Este livro também proporciona uma viagem através dos dilemas emocionais desse casal tão diferente e tão apaixonado, que personificam a oposição entre os costumes tradicionais e a modernidade, o culto e o popular, a contenção e a libertação.

De um lado, há a coragem de Nacib em superar seus preconceitos sociais e casar-se com Gabriela, duelando com seus princípios e valores e com suas noções sociais sobre bons costumes e o papel que uma esposa deve desempenhar.

Ao mesmo tempo, Gabriela sofre em ter que limitar seus desejos e refrear suas vontades em nome de seu amor por Nacib e seus anseios em fazê-lo feliz e portar-se da maneira que ele julga digna, morrendo aos poucos em nome do amor, afastando-se de sua essência que clama por liberdade.

Essa personagem precursora e audaciosa, tão à frente do seu tempo, provoca tantas reflexões sobre a sociedade, ainda nos dias atuais, e sobre como nosso comportamento em muitos aspectos são conduzidos pelas demandas alheias, muito mais do que por nossa própria vontade ou intenção.

“Tem certas flores, você já reparou?, que são belas e perfumadas enquanto estão nos galhos, nos jardins. Levadas pros jarros, mesmo jarros de prata, ficam murchas e morrem”.

Gabriela é dotada de uma sensibilidade quase inocente que torna impossível ao viajante não se afeiçoar por ela e não querer experimentar a seu lado todos os prazeres que lhe movem e lhe fascinam.

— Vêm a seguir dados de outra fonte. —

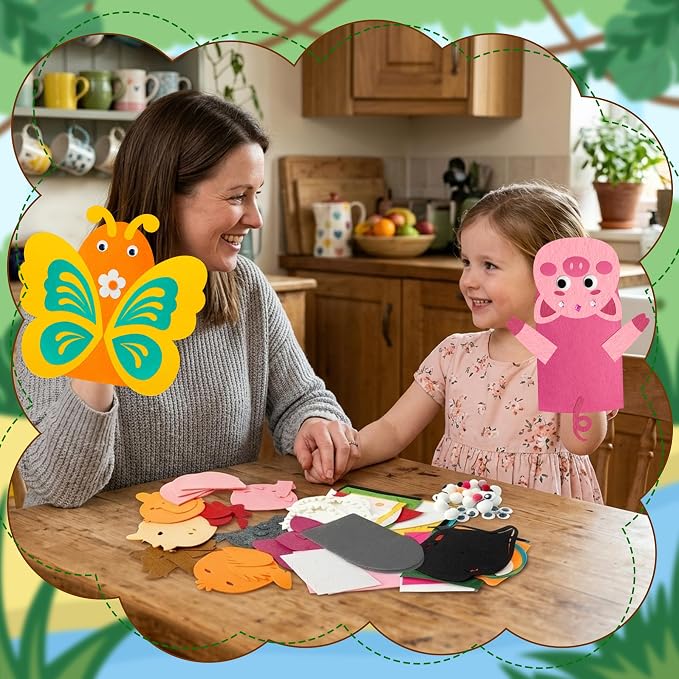 WATINC 24Pcs Hand Puppet Making Kit - Image 6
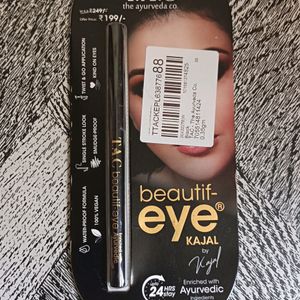 TAC Beautiful Eye Kajal - Lush Black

Faça as malas e percorra as ruas peculiares de Ilhéus na década de 20, observando a cultura, a arquitetura e a história dessa cidade baiana, enquanto se delicia com as aventuras de Gabriela e se deixa levar pelo seu romance com Nacib, nesta leitura delicada, deliciosa e memorável.

Vamos viajar?

P.S. – Além de Gabriela, Cravo e Canela, segue uma humilde lista dos livros que eu mais gostei de ler do Jorge Amado: Dona Flor e seus dois maridos, Tieta do Agreste, Capitães da Areia e Terras do Sem-fim.